Traffic in local area is already too high and to add 300 to 400 new houses in this focused area alone will cause major disruption on Bills Lane/Haslucks Green Road equivalent to Site 13 and additional pollution.
Flooding is a massive risk that is not clearly understood or explained in this proposal. The April 2018 flooding in the area blocked roads and damaged property. If housing is built here, how will surface water be managed with the huge increase in hard-standing through roads and driveways for this volume of houses?

Full text:

I object to this latest proposal as it is no better than the original proposal of Allocation 13.
The original plan was for 600 houses and the area touched on to Dickens Heath Road/Tanworth Lane at one end and Bills Lane/Haslucks Green Road - an assumption would have been that approximately 50% of traffic would exit/enter one end, and 50% would exit/enter at the other putting more traffic onto already congested roads - this latest site 26 proposal will now only affect Bills Lane/Haslucks Green Road end with 300 houses - therefore the traffic impact will be no better for Bills Lane and Haslucks green road which is already overloaded with traffic coming from Dickens Heath. This point is touched on in the plan in the word "shifting" and acknowledging that Dickens Heath Road is already congested - 'Shifting the focus of vehicular traffic movements away from the congested Dickens Heath Road to Bills Lane/Haslucks Green Road.'

I do not see this current proposal as sustainable due to the high volume of houses in one focused area.
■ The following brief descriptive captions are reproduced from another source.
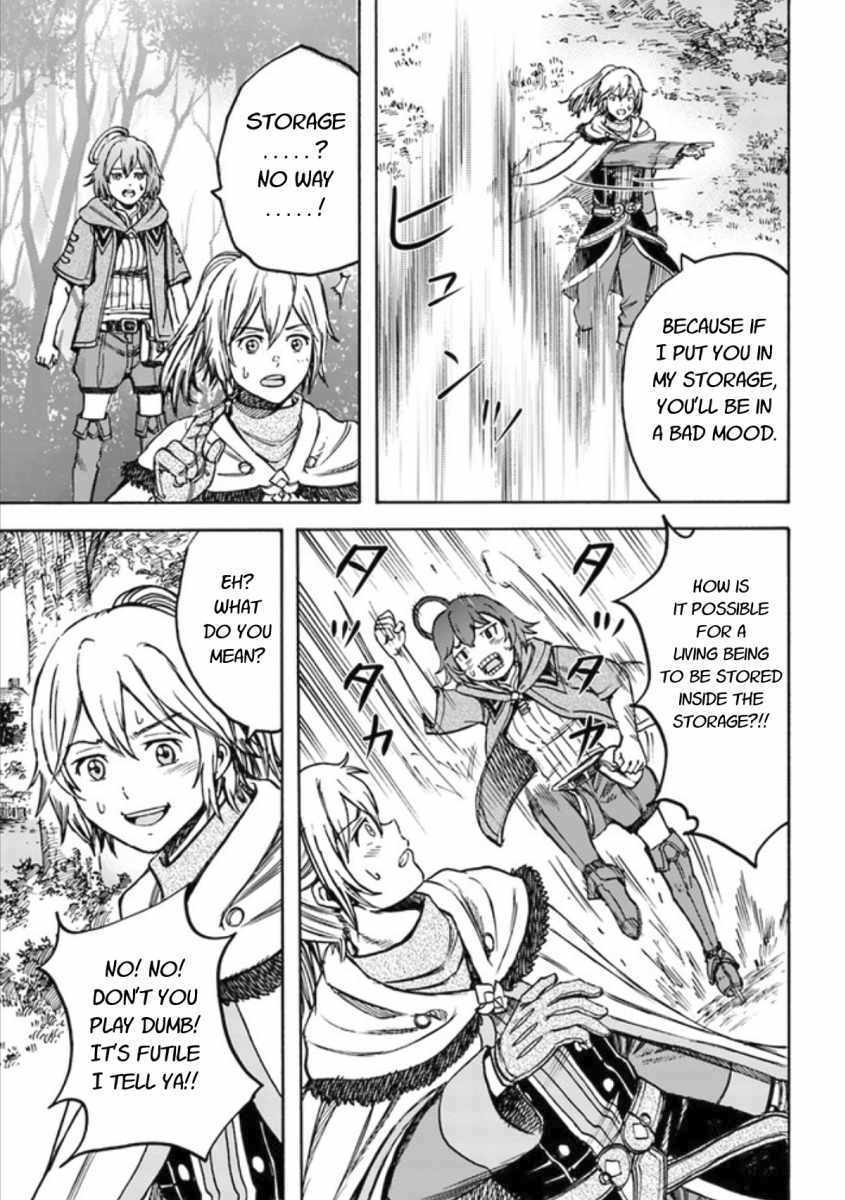 Shoukan sareta Kenja wa Isekai wo Yuku - Saikyou nano wa Fuyou Zaiko no Item deshita Chapter 18 page 39 - Chapter 18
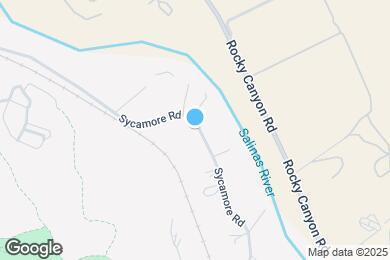 Map image of the property - 7050 Sycamore Rd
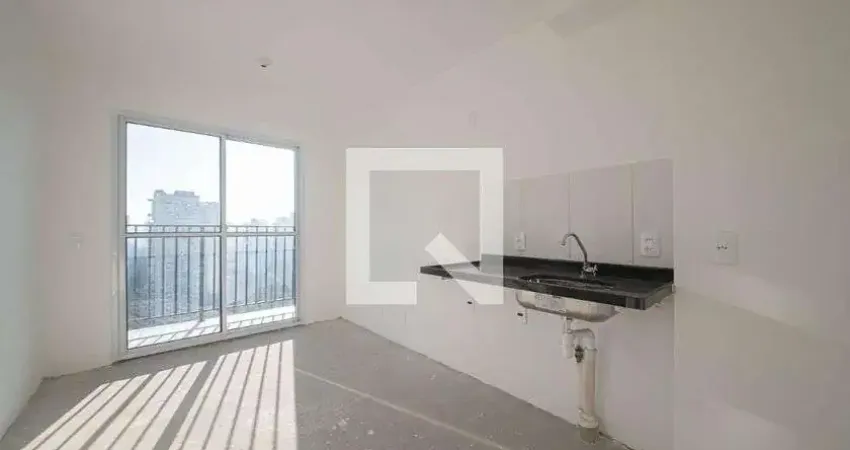 Apartamento para Venda - Brooklin, 1 Quarto,  27 m² - São Paulo
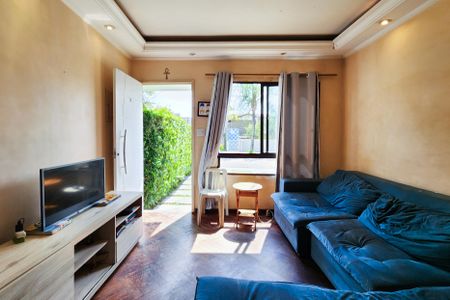 Sala de apartamento para alugar com 3 quartos, 118m² em Demarchi, São Bernardo do Campo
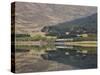 The Jacobite, Fort William to Mallaig Railway, Loch Eil, Lochaber, Scotland, United Kingdom, Europe-Jean Brooks-Stretched Canvas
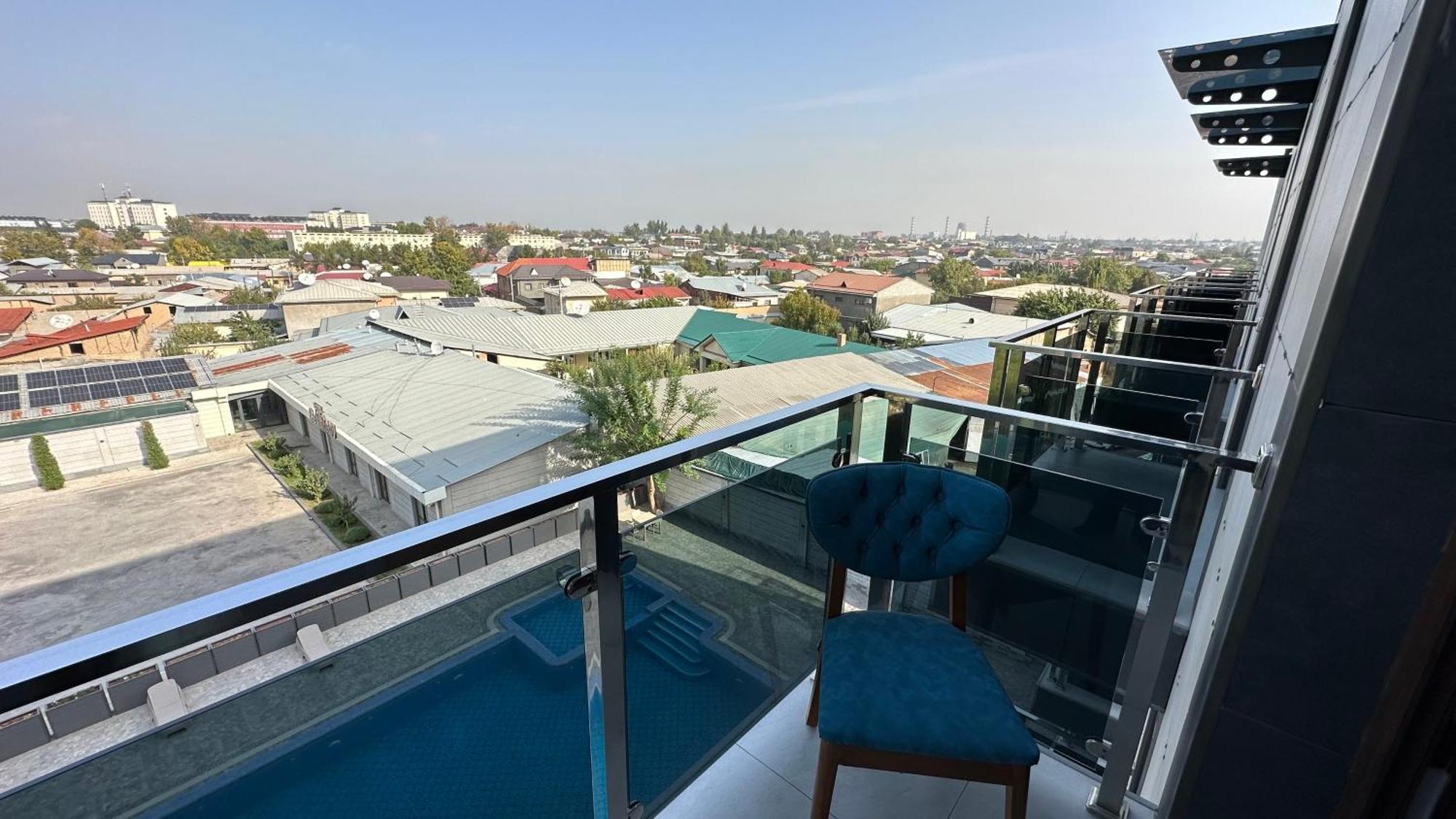 Rayyan Hotel & Spa 塔什干 外观 照片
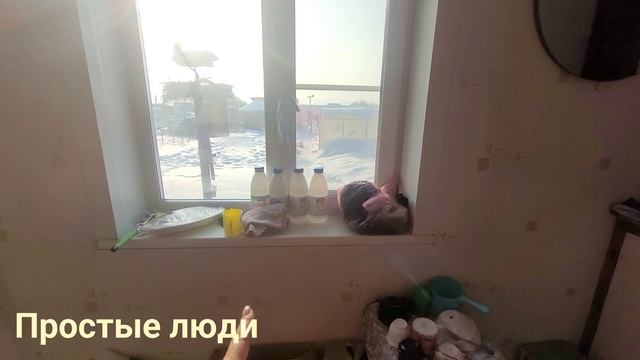 КАКОЙ У НАС БЫЛ ДОМ В НОВОКУЗНЕЦКЕ....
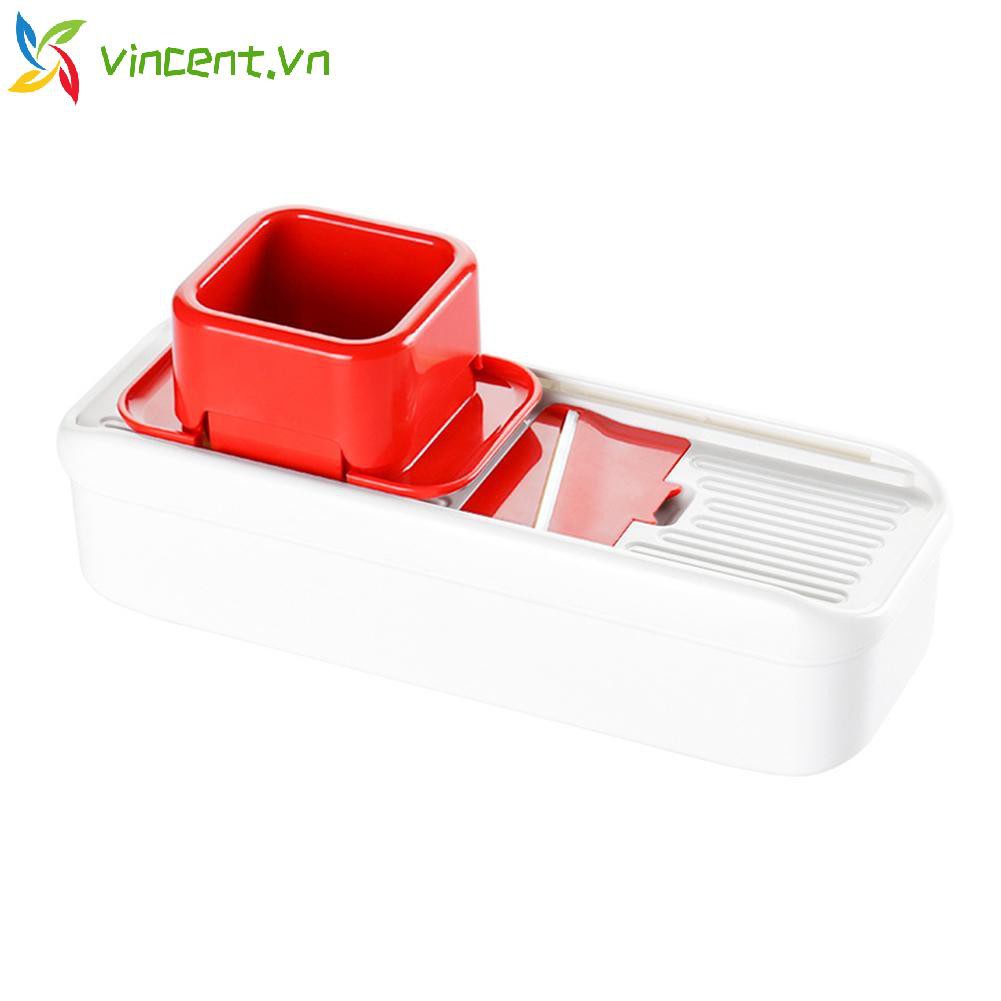 Dụng Cụ Bào Sợi Rau Củ Quả Đa Năng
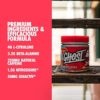 GHOST Legend V2 Pre-Workout Energy Powder, Sonic Cherry Limeade - 25 Servings - Caffeine, L-Citrulline, & Beta Alanine Blend for Energy Focus & Pumps - Free of Soy, Sugar & Gluten, Vegan - Image 4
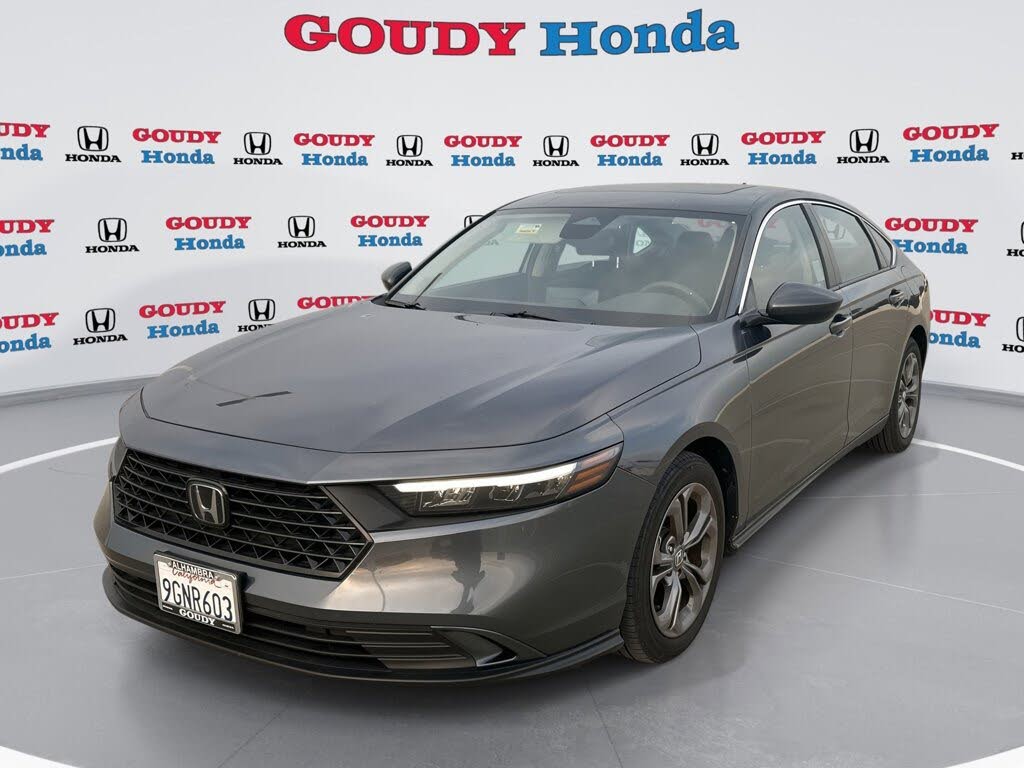 2023 Honda Accord EX FWD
Despite changes to the initial plan I gather that Shirley South is still to receive 38% of proposed new housing in the Solihull borough, which remains disproportionate and unacceptable given the size of the borough.
The effect on the local area by way of flooding and environmental issues is in no way fully understood and not addressed in the proposal from what I can understand. This area suffered massive flooding in April of 2018. If housing is built on the natural land and flood plains the results could be much worse than previously.

I will also refer to a point I made in my initial objection of the 38% of housing in Shirley is that new housing allocation should be developed to compliment current and new infrastructure. In the case of HS2 which is referred to in the current plans, this will be running to the North of the borough and not stopping anywhere near to these proposed Shirley developments - therefore more congestion would be caused by people driving to the proposed HS2 station as there is inadequate public transport to that area of the borough.